Later, one of the juveniles sat and begged, while the adult flew away and returned with another big wasp. The adult spent several minutes beating the wasp against the wire, thoroughly subduing and tenderizing it for the youngster, hopping along the wire, with the youngster sticking close, keeping a watchful eye on his meal. Finally, he was given his dinner.
But instead of swallowing it, the youngster flew a short distance with his prize clearly visible in his mouth. The second juvenile flew in to challenge possession of the wasp, and there was a vigorous contest of hopping along the wire and swooping short flights as the young birds worked their way down the line. Finally, the adult swooped in with another wasp for the second juvenile. This one also required a lot of bashing and repositioning before it could be swallowed.
What’s a meal without dessert? Here, an adult flew high into the row of trees behind our back fence and collected a ripe Peppervine berry. The Peppervine (Ampelopsis arborea) is a woody vine related to grapes (but not edible by humans!). Vines of over 65 feet in length have been documented. Peppervine will be recognized by my Gulf Coast readers as a constant weedy plague in our gardens. I’ve seen Mockingbirds, Blue Jays and Cardinals, as well as these Scissor-tails, feasting on the berries… and of course, depositing the seeds (2 to 4 per berry) under every available perch.

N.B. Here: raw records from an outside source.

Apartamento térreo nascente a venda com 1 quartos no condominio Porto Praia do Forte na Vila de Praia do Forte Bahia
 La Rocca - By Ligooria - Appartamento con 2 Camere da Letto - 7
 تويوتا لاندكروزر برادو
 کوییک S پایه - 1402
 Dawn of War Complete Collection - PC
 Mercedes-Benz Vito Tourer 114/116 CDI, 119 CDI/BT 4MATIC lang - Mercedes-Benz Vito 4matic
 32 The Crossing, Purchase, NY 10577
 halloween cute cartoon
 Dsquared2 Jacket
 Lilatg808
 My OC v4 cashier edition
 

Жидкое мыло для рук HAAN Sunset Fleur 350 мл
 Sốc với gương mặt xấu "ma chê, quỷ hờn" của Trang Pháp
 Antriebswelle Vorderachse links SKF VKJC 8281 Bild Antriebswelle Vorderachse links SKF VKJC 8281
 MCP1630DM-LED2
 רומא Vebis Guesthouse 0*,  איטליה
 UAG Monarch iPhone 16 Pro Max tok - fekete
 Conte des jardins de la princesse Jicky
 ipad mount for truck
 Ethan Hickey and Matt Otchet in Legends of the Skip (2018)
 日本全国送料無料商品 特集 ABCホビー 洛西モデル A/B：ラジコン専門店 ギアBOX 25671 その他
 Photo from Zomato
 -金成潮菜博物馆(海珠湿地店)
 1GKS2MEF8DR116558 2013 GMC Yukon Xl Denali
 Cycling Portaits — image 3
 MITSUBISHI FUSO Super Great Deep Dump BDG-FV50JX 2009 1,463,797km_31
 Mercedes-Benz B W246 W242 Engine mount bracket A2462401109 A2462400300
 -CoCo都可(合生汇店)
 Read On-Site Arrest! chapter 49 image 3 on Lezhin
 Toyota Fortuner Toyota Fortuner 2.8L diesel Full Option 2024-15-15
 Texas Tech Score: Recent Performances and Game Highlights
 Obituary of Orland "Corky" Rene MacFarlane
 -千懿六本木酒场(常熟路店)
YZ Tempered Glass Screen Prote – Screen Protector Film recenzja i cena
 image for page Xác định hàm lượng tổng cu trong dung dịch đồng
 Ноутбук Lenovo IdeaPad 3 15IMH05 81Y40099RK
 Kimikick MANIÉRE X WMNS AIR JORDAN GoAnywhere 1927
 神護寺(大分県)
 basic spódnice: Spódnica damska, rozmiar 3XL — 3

Here is a better view of the Peppervine foliage and berries some 30 feet up in the trees, with a young Mockingbird who was enjoying an early-season treat.
I don’t feel too badly about the fact that most of these photos feature a cable or wire, because the Scissor-tailed Flycatcher is known and documented by many bird photographers for perching on power and telephone lines and fences between hunting forays. The taut metal gives secure purchase and an unobstructed view of the air over their hunting grounds. I look forward to future opportunities to try to catch these graceful spring and summer birds in more in-flight photos.